Rolf, totally! Him and Chief have always been my two resident crankies.


----------



## Arckaniel (May 20, 2020)

CHIEF


----------



## Vadim (May 20, 2020)

Hopper and Spike by far. Roscoe and Rolf are cool too.


----------



## DawnAri (May 20, 2020)

definitely a wolf! Wolfgang is my ultimate cranky, I had him in New leaf and he truly _is _cranky


----------



## misscarol (May 20, 2020)

Cranky villagers are always my favorite personalities so I love them all! Especially the wolves, but my fave will always be Chief!


----------



## Alicia (May 20, 2020)

Tom! He is my favorite cranky villager. He moved into my new leaf town back in 2013-2014 and he's been one of my favorites since.
He is still in my new leaf town and now I have him again on my island because I couldn't imagine my island without him.








Also really like Kabuki, Lobo, and Static.


----------



## Megina (May 20, 2020)

MY BOY IS KING <3


----------



## daisyy (May 20, 2020)

dobie and roscoe for sure!!
dobie is the cutest old man villager ever.
and roscoe is such a sweetie despite his scary appearance.
but i also really like murphy!


----------



## serudesu (May 20, 2020)

CYRANO! <3


----------



## ecstasy (May 20, 2020)

Ahhh this was the hardest one out of them all, I *love *the crankies  

I like Wolfgang, Kabuki, Tom, Static, Vladimir, Ricky

I voted Tom and Static❤

	Post automatically merged: May 20, 2020



Alicia said:


> Tom! He is my favorite cranky villager. He moved into my new leaf town back in 2013-2014 and he's been one of my favorites since.
> He is still in my new leaf town and now I have him again on my island because I couldn't imagine my island without him.
> 
> 
> ...


AHHHH THEYRE SO SWEET


----------



## Tri-Cell (May 20, 2020)

He won't win but I think Rasher is adorable! Second vote is for Tom I had him for ages in New Leaf til he suddenly moved out.


----------



## Trashlord (May 20, 2020)

Rasher is the Ultimate cranky boy, followed by Apollo in my opinion.


----------



## Galactic Fork (May 20, 2020)

The fact Gaston isn't on the main list already makes this election faulty.  Shaaaame!


----------



## Jared:3 (May 20, 2020)

Fang, Apollo, and Static are my favorite 3 cranky villagers


----------



## Jam86 (May 20, 2020)

normally i vote for 2 but this time imma stick with just apollo
the best crankyyy ♡♡♡♡♡♡♡


----------



## Hydrangea028 (May 20, 2020)

I voted for Elvis.
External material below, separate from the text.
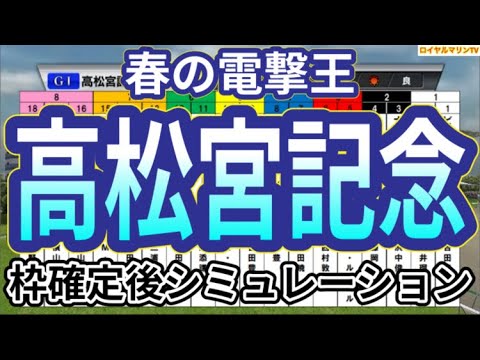 【高松宮記念2024】ウイポ枠確定後シミュレーション ナムラクレア トウシンマカオ ルガル ママコチャ ウインマーベル #2410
He is my first cranky villager and I love him since NL. He is just a big softie. I am glad I meet him again in NH.


----------



## Lavamaize (May 20, 2020)

I personally think Croque the Wolfgang are the best crackies, but tbh I like most of the crankies in general.


----------



## Tag365 (May 20, 2020)

I'm voting for Hopper.


----------



## Mu~ (May 20, 2020)

Kabuki, but I also like some of the wolves.


----------



## Aleigh (May 20, 2020)

This one is by far the hardest. Out of the poll, Dobie. But man. Tom is certainly my fave, closely followed by Static and Vlad. I love my crankies.


----------



## kbelle4 (May 20, 2020)

Grizzly is my best bud


----------



## bluetortis26 (May 20, 2020)

Of course Apollo and Chief are my favs, but I never forget my boy Rooney.


----------



## allainah (May 20, 2020)

Cotton Candy Cat said:


> Groucho is the best


thank u ♡♡♡
hes a cranky sad teddy bear, whats not to love


----------



## TheodoreCottontail (May 20, 2020)

Gaston! I am clearly bias towards rabbit villagers but he was in my NL town also.


----------



## Misuzurin (May 20, 2020)

I like a lot of the Cranky types, but I have to say Walt is my favorite. Apollo would be a close second though.


----------



## voltairenism (May 20, 2020)

STATIC


----------



## Story (May 20, 2020)

I voted for Dobie. Because he looks the part of a cranky old animal villager more than the others.


----------



## Florence + The Machine (May 20, 2020)

Cyd is objectively the best cranky, but if I didn't have him in my town, I'd probably choose Spike. His gold horns and hooves are super cool and I'm very partial to the punk-themed villagers anyway.


----------



## Rasha (May 20, 2020)

Wolfgang, Lobo and Bruce!

Honorable  mentions: Chief, Fang, Apollo, Roscoe, Octavian, Rolf and Tom.


----------



## skylucario (May 20, 2020)

butch and static!!

	Post automatically merged: May 20, 2020



Altarium said:


> Fang wears purple eyeshadow and that automatically makes him the ultimate cranky



fang is yuri fire emblem


----------



## Bioness (May 21, 2020)

My boy Static need more love, I mean he is a purple squirrel with lightning bolts in his fur!


----------



## cocoacat (May 21, 2020)

Octavian and Butch are the best


----------



## Blood Eclipse (May 21, 2020)

I just moved in Lobo and I never knew how much I would enjoy having this character on my Island. Currently, he's taken the number 1 spot in my list of favorite cranky villagers. He's like a fatherly figure. I like Dobie too because he reminds me of a grandpa. And I really like Boyd, even though most people seem to dislike gorilla villagers. I was so tempted to move him in my island when I found him in one of the mystery islands I hopped into.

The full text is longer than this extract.